You can verify on the documentation by switching the version. So ... since 3.2: ...

aktiur · 2024-04-26T16:36:50

> In 3.1 it was the default encoding of string (the type str I guess).

No, what was used was what sys.getdefaultencoding(), which was already UTF-8 in 3.1 (I checked the source code).

At that time, the format used for representing `str` objects in memory depended on if you used a "narrow" (UTF-16) or "wide" (UTF-32) build of Python.

Fortunately, wide and narrow builds were abandonned in Python 3.2, with a new way of representing strings : current Python will use ASCII if there's no non-ASCII char, UCS-2 –UTF-16 without surrogate pairs — if there is no codepoint higher than U+FFFF, and UTF-32 else. But that did not exist in 3.1, where you could either use the "narrow" build of python (that used UTF-16) or the "wide" build (that used UTF-32).

See this article for a good overview of the history of strings in Python : https://tenthousandmeters.com/blog/python-behind-the-scenes-...

_ache_ · 2024-04-26T16:57:42

Thank you ! The documentation was misleading about "default encoding of string".

int_19h · 2024-04-26T21:41:00

The simple thing to remember is that for all versions of Python going back 12 years, there's no such thing as "default encoding of string". A Python string is defined as a sequence of 32-bit Unicode codepoints, and that is how Python code perceives it in all respects.
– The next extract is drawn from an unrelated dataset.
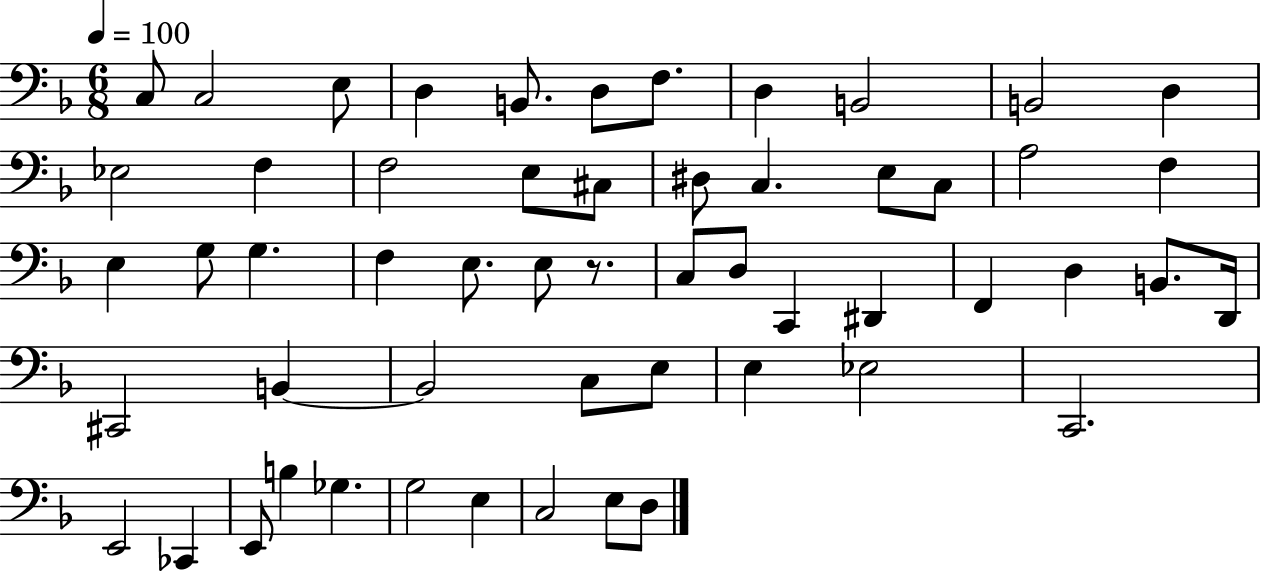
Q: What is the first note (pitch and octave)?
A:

How it is stored internally is an implementation detail that does not affect you.

Dylan16807 · 2024-04-27T00:30:49

32 bit specifically?

The most expansive Unicode has ever been was 31 bits, and UTF-8 is also capable of at most 31 bits.

int_19h · 2024-04-27T10:12:14

You're right, the docs just say "Unicode codepoints", and standard facilities like "\U..." or chr() will refuse anything above U+10FFFF. However I'm not sure that still holds true when third-party native modules are in the picture.